Sainsbury's pulls out of Llan store development

 
llanblogger exclusive ...
 

* Contractors started work only recently on the steel frame of the new store.

* Now with comment by Clwyd South Assembly Member Ken Skates at the foot of story


SAINSBURY’S have pulled out of plans to take over the supermarket now being built for them in Llangollen.
And the shock move leaves a question mark hanging over the 130 jobs promised by the development.
 
The store giant says it is now looking for another business to take over the 34,000 square foot building currently being built on the former Dobson & Crowther printworks site off the A5.

It was known as that as a result of tough trading conditions the store giant embarked on a review of planned new stores across the UK at the end of last year.
And this morning (Thursday) a Sainsbury’s spokesman confirmed they would be pulling out of the Llangollen development.
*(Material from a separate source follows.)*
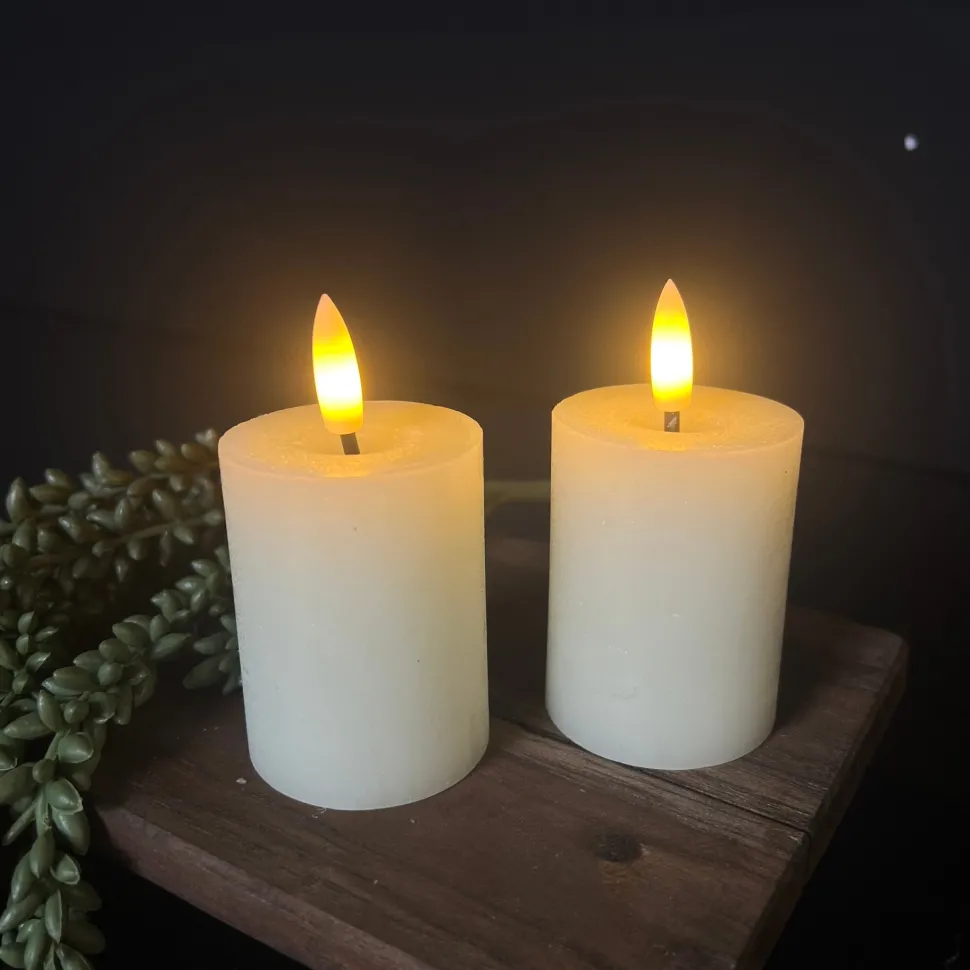 Mini LED Stompkaarsen Crème – Set van 2 | Realistische Wax Kaarsen op AAA-batterijen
The spokesman said: “Following a review we have decided we will not be going ahead with the store on the site in Llangollen.
“We have not taken this decision lightly and are very disappointed we are not able to open a new shop in Llangollen.
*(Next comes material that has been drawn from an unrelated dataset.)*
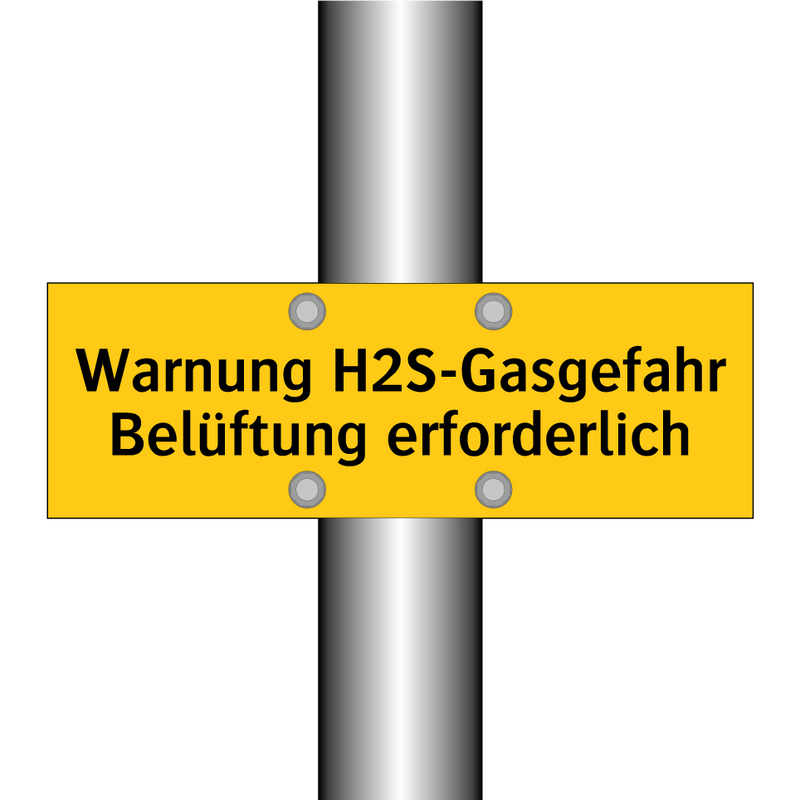 Warnung H2S-Gasgefahr Belüftung erforderlich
“Since the proposals were first announced, shopping patterns have changed considerably and following a review, the scheme is no longer viable for us.


“There has been a fundamental shift in the retail market and in ways of shopping, such as convenience and online which means the scheme is no longer viable.
“It was a tough decision because we had worked really hard to get the support of the local community and to get their backing for the plan.”
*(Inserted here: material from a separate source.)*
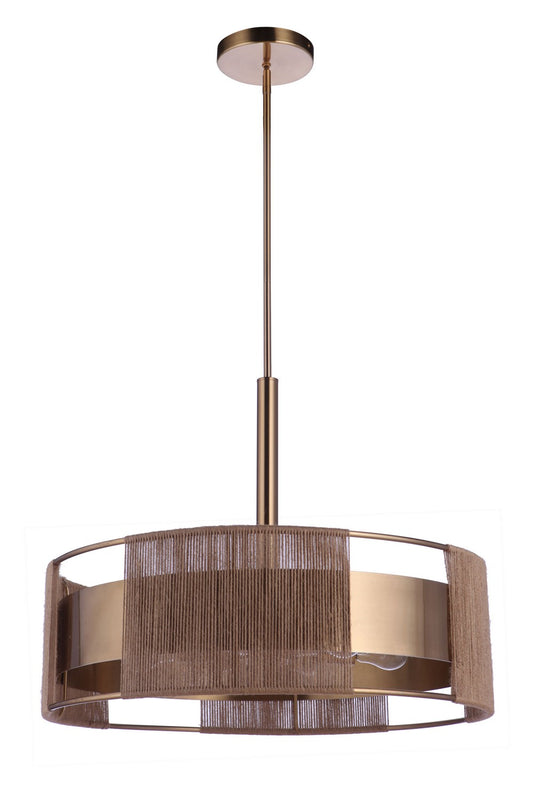 Kensey Six Light Pendant in Satin Brass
The spokesman added: “J-Ross are developers on the scheme and we will be taking the building in August.
“We are now speaking to a range of different businesses to gauge interest and looking for someone to occupy the building.

“We want to make sure we get someone in there as quickly as possible and do it in a way that is complementary to the town.
“We are open to ideas.”   

Stuart Davies, one of the town’s county councillors, said he had been given the bombshell news by Sainsbury’s official by telephone just before he headed off on holiday abroad early this morning.
Cllr Davies, who has been a keen supporter of the controversial development, said he was “saddened” by the announcement and hoped the new store, currently in the early stages of construction on the former Dobson & Crowther site off the A5, could still be taken over by another supermarket company such as Aldi or Lidl.

He added: “The news that Sainsbury’s won’t be coming after all is a real shock.
“The company did say recently that it would be reviewing its programme of store openings, including the one in Llangollen, due to difficult trading conditions.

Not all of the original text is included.